**TRY IT**
Among the lines below, the one containing "イギリスの王族を示すフルールドリスがデザインされたルビー＆ダイヤモンドのリング" opens the range and the one containing "Hermes Evelyne 23" closes it. Print that range exactly, without the pictures.

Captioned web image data
|---|

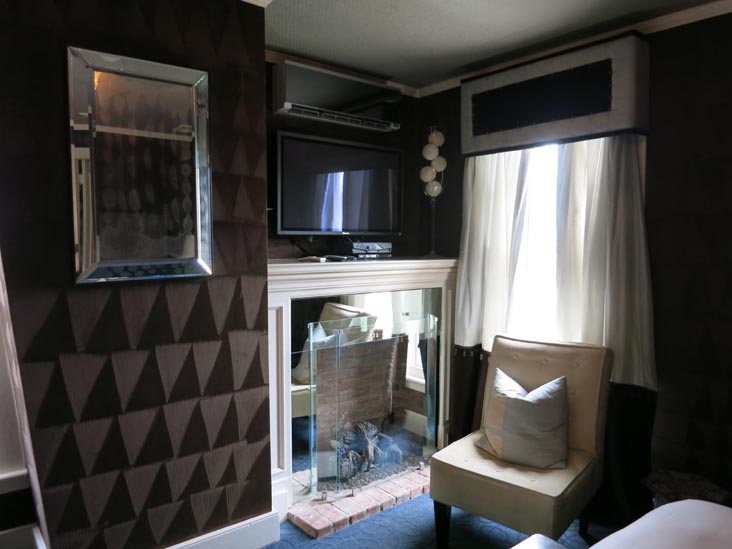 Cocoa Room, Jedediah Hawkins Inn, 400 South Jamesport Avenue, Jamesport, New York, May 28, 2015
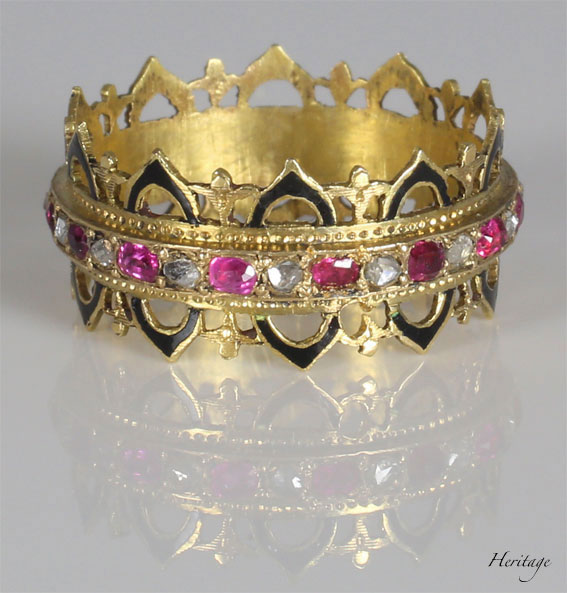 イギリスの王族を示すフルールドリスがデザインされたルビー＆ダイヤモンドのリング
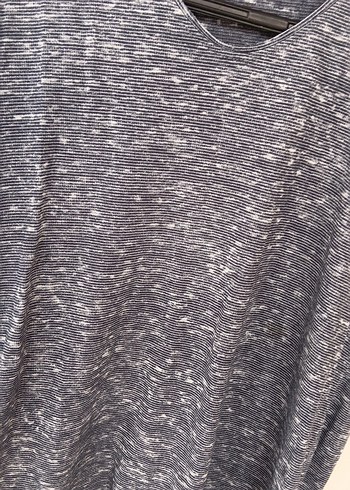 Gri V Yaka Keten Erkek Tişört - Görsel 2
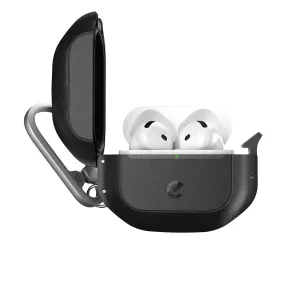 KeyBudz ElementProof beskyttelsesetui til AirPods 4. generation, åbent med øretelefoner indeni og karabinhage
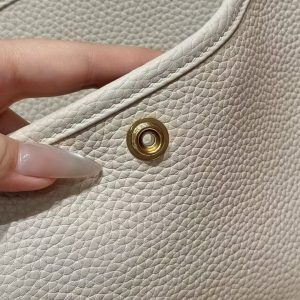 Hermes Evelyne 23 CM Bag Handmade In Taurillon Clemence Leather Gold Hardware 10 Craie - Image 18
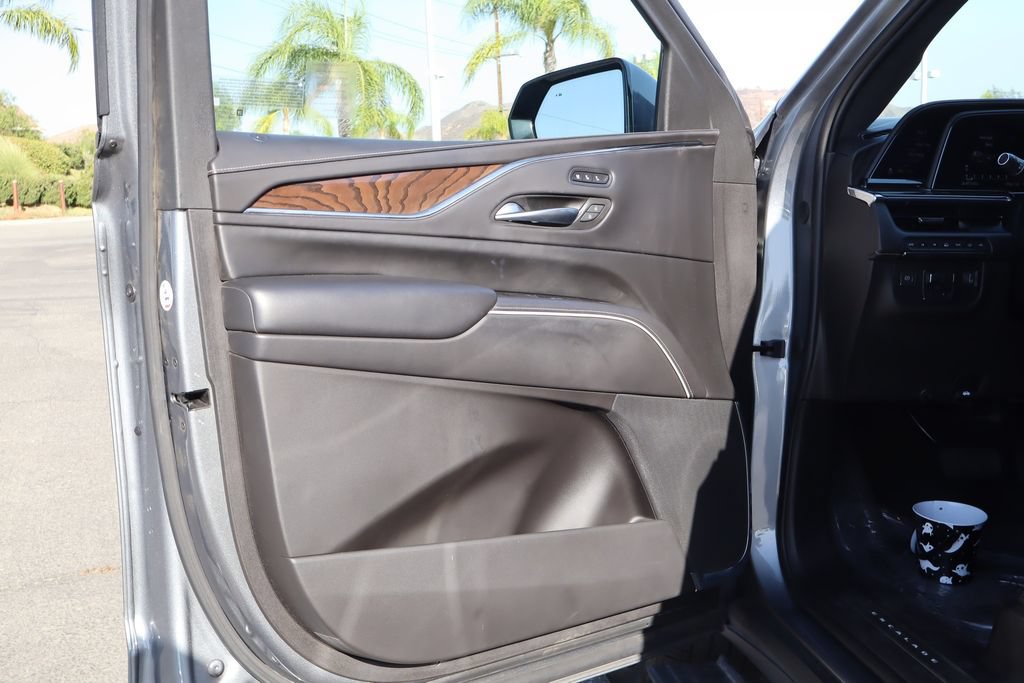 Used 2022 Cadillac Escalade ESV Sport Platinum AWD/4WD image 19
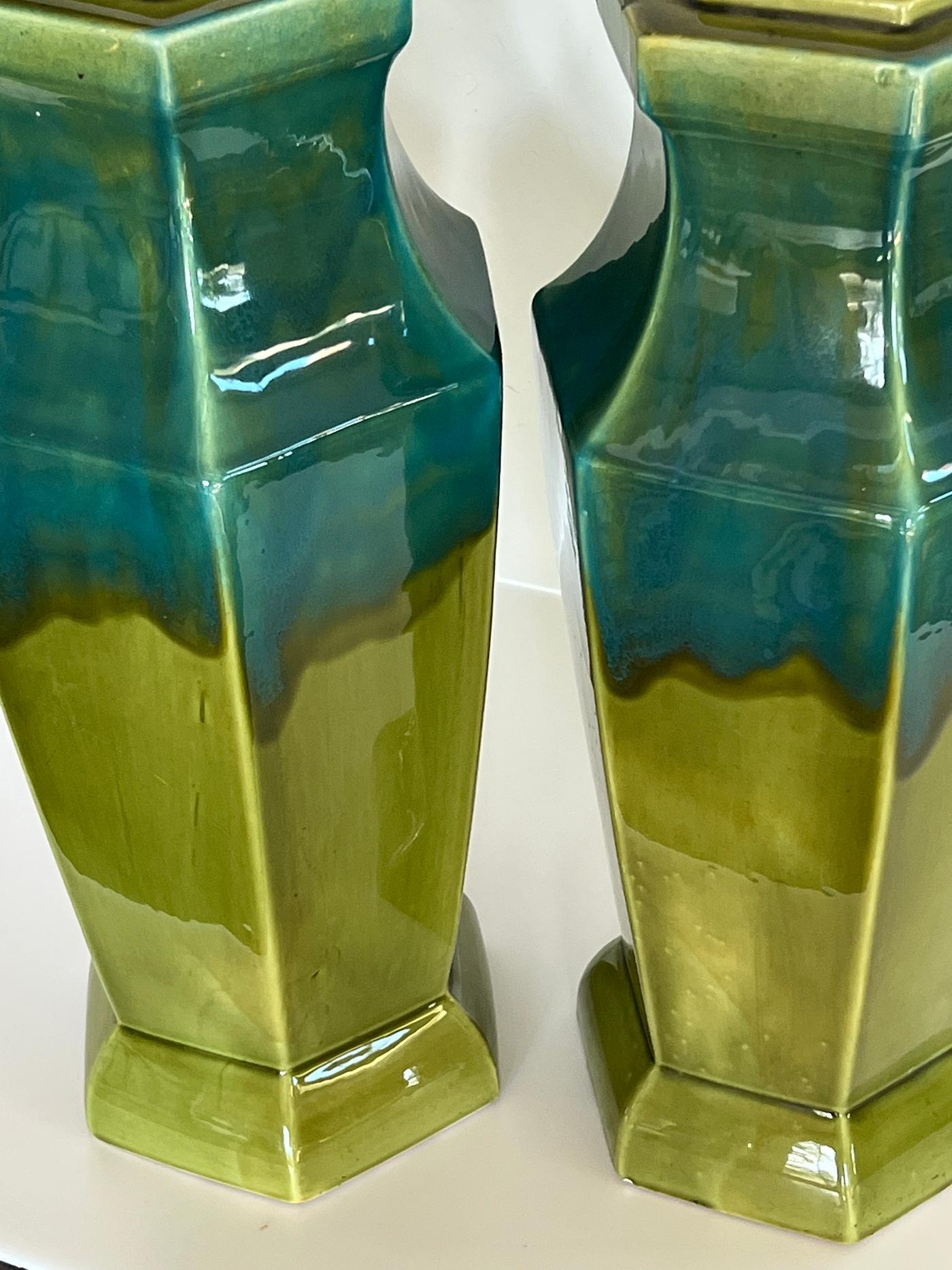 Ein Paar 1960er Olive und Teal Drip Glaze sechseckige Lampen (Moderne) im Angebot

|---|

**ANSWER TO THE EXERCISE**
 イギリスの王族を示すフルールドリスがデザインされたルビー＆ダイヤモンドのリング
 Gri V Yaka Keten Erkek Tişört - Görsel 2
 KeyBudz ElementProof beskyttelsesetui til AirPods 4. generation, åbent med øretelefoner indeni og karabinhage
 Hermes Evelyne 23 CM Bag Handmade In Taurillon Clemence Leather Gold Hardware 10 Craie - Image 18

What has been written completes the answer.